| Task requirements |
Working from the listing below, pick each line containing the word "مجال" and copy it.

| Records for this task |
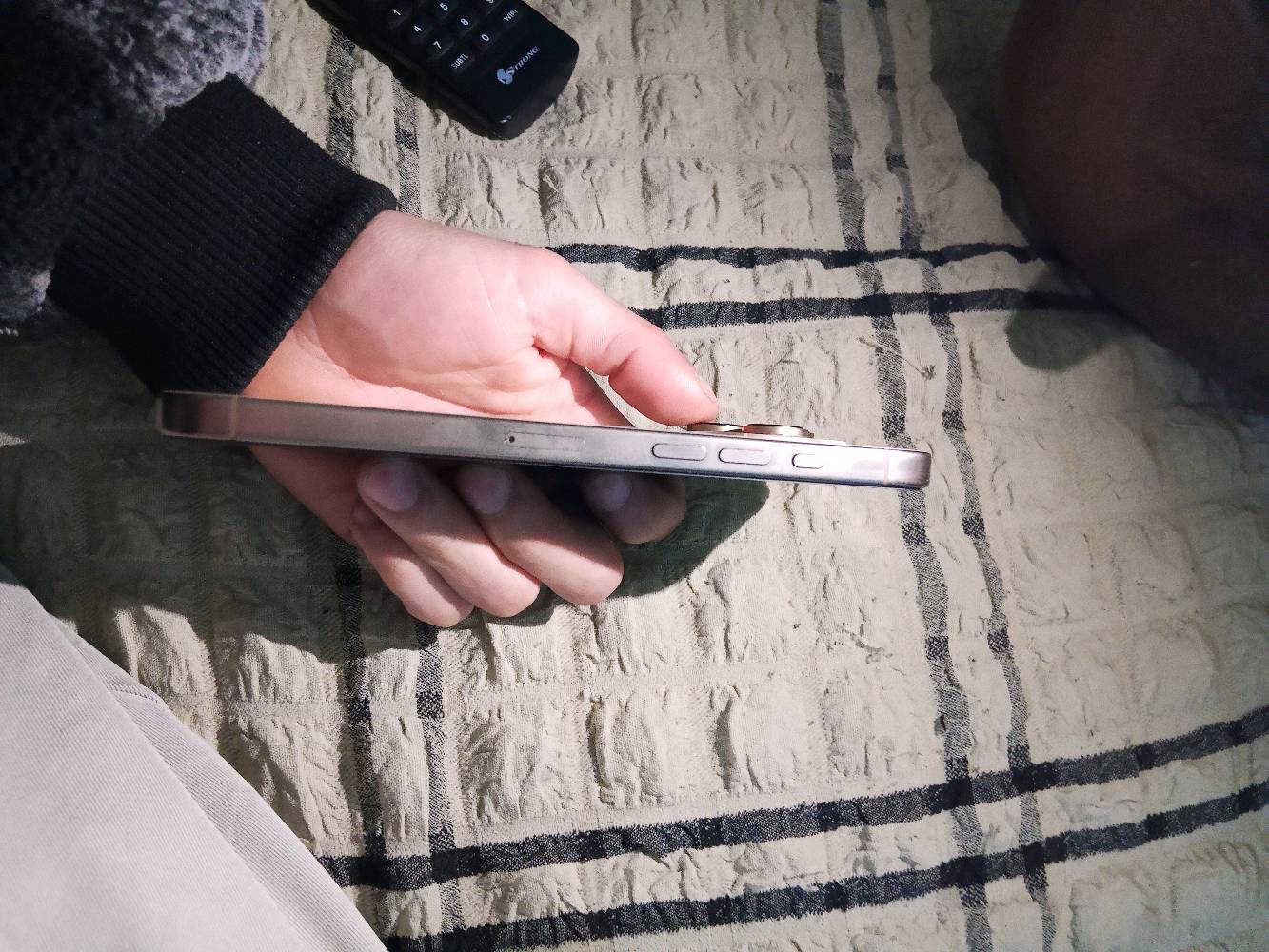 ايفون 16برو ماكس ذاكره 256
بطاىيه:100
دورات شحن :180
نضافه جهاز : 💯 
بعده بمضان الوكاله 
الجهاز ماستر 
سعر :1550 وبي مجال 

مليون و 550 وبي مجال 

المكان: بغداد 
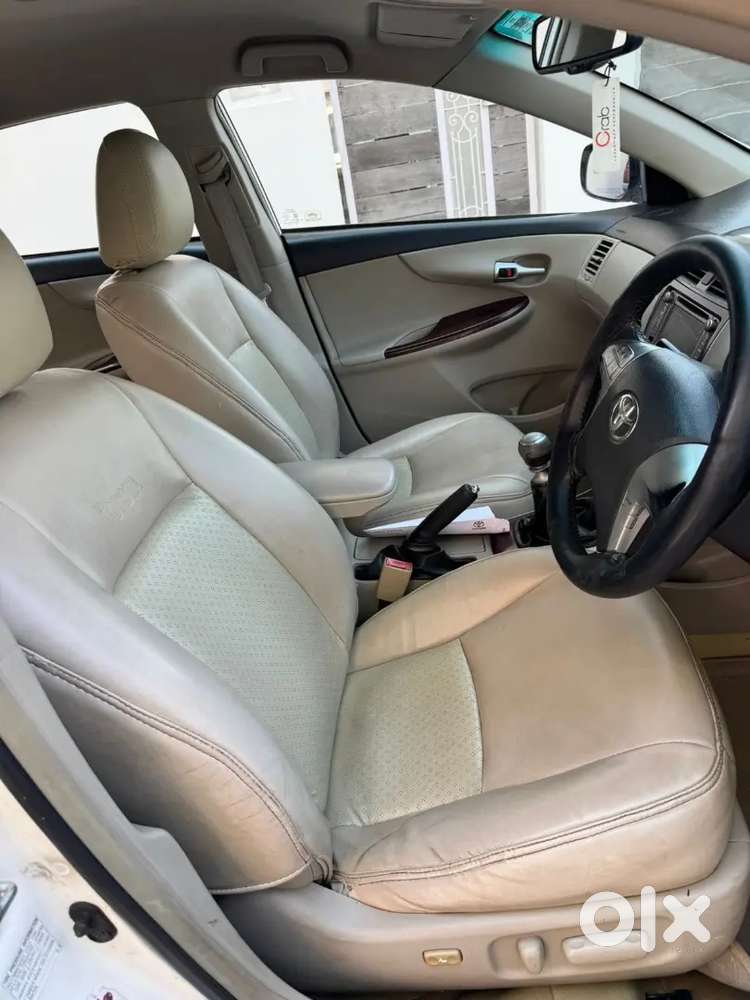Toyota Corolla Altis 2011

| Result |
سعر :1550 وبي مجال 
مليون و 550 وبي مجال 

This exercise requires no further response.